Conflict theory is a part of the social sciences and seeks to analyze the political, economic and social inequalities within cultures. Conflict theory is associated with Marxism, but has been used within social science theories such as functionalism and positivism.
One aspect of culture is expressed in the varying institutions of religion, which are a natural outgrowth of human behaviors and social groups. Religion is largely an attempt to add structure and understanding to the universe, and as such will seek to explain the noticeable inequalities that exist in human culture.
Religion perpetuates conflict
Because of religion's role of providing explanations for the state of the world, religion tends to offer explanations for social inequalities and often will perpetuate them by giving them divine sanction. Religion acts as a justifications of the inequalities and thus lays a foundation for social conflict that is only accidentally based upon religious identification.

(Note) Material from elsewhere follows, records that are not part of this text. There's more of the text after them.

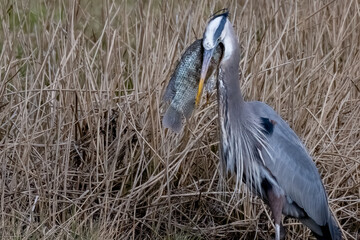 Great Blue Heron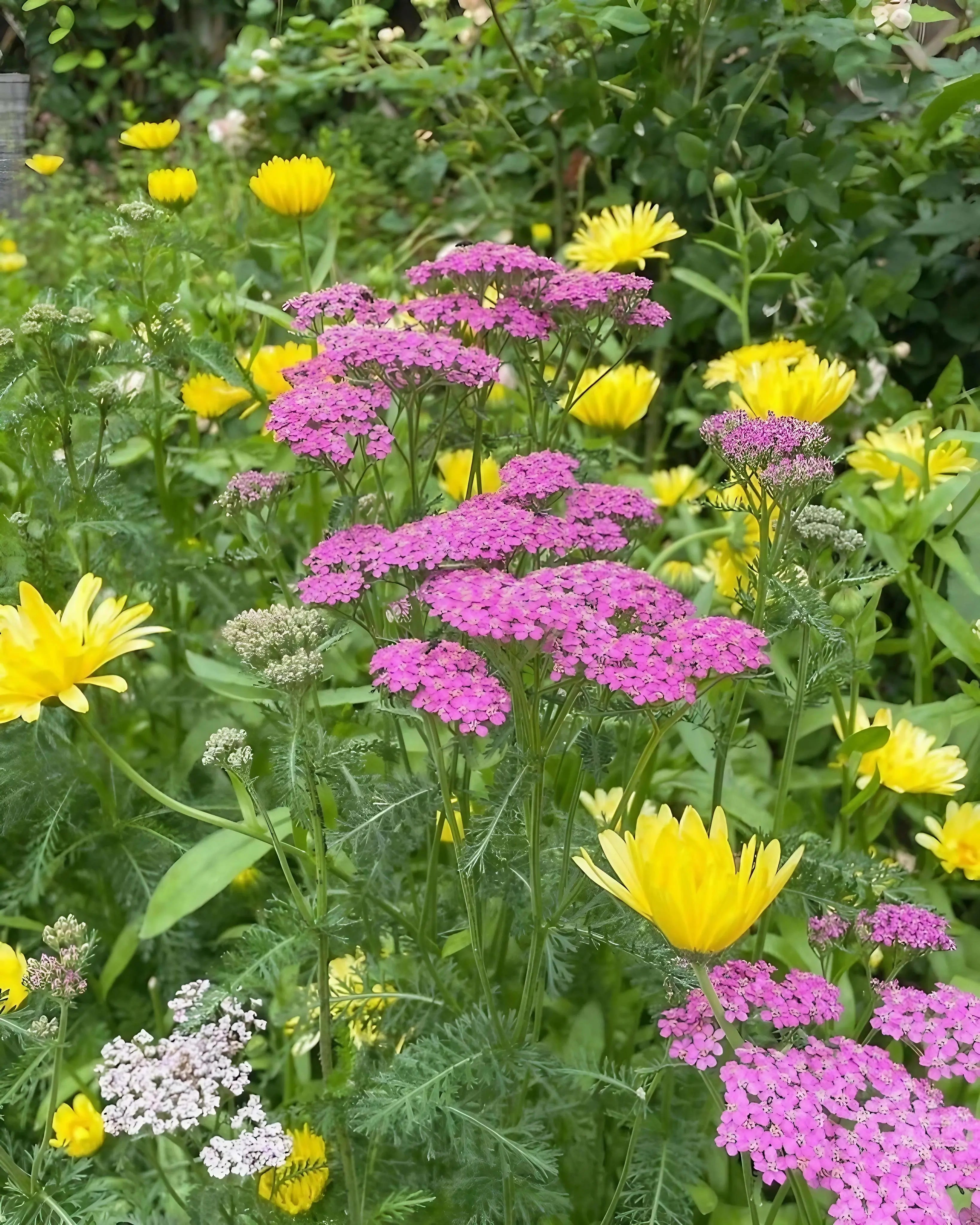 Achillea Cerise Queen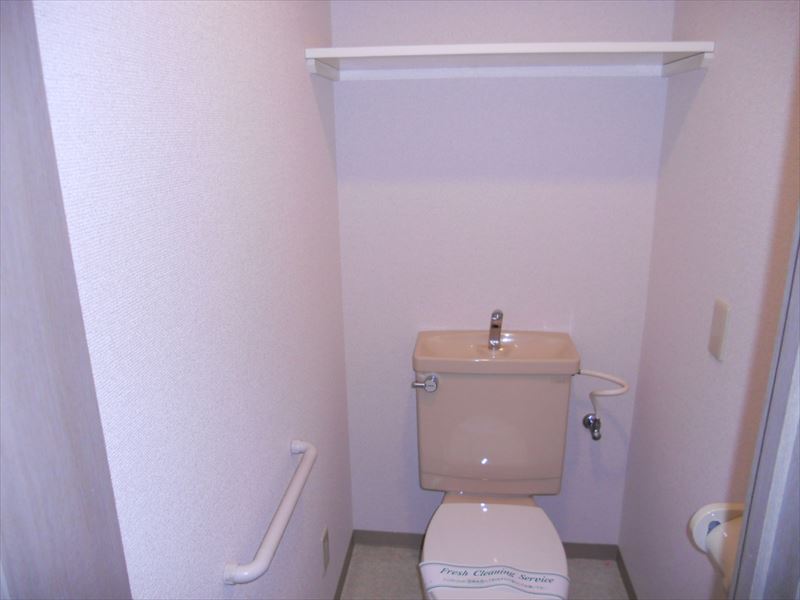 Toilet. Toilet with storage shelf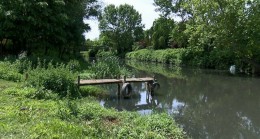 RİVA DERESİ İLE İLGİLİ SIK SORULAN SORULAR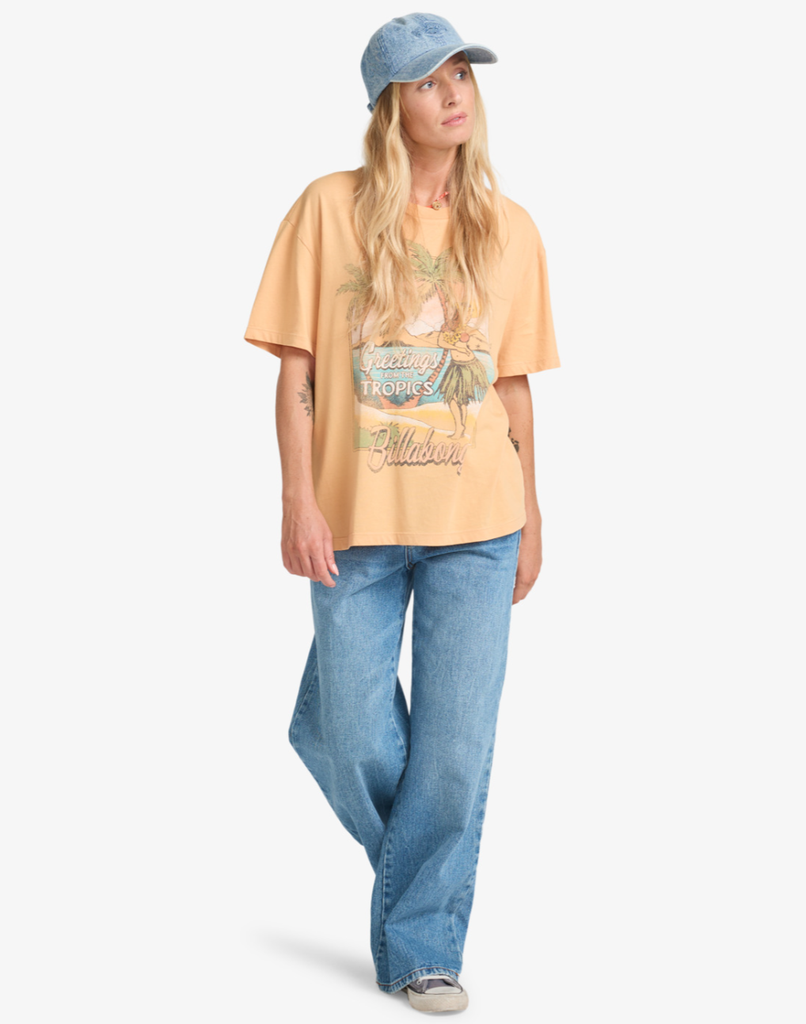 Camiseta Billabong Vibe Time - Clay (cly)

Religious conflict mimics social conflicts
The natural cultural conflicts that emerge in culture are played out within different religious communities. Because social groups tend to be of the same religious tradition, group identifications will tend to overlap with religious identification. Thus the conflicts between religious groups are often based upon conflicts between the groups themselves for other social, political and economic reasons.
This is true especially where one religion is dominant over others. A group's religious identification will thus act as an indicator of social status. A minority religious group, whether part of the same larger religious tradition as the majority or not, will experience the social stigma in the same way as any other minority group, while incorporating the minority social status into its theology and religious worldview. Comparatively, the dominant group enjoys its social position while often absorbing the role of affluence into its theology and religious worldview.
Religion magnifies social inequalities
The theological differences between religious groups will magnify the preexisting social, political and economic differences by incorporating those inequalities into the group's religious identification and theology over time. The more a group identifies with its social status, the more the group will incorporate this status into its worldview and thus its views about the supernatural and its religious beliefs.
By associating their social status with their theology and religious worldview, the inequalities become magnified and even absorbed into the group identity. Thus a groups' social status will become reflected by the groups' religious ideologies.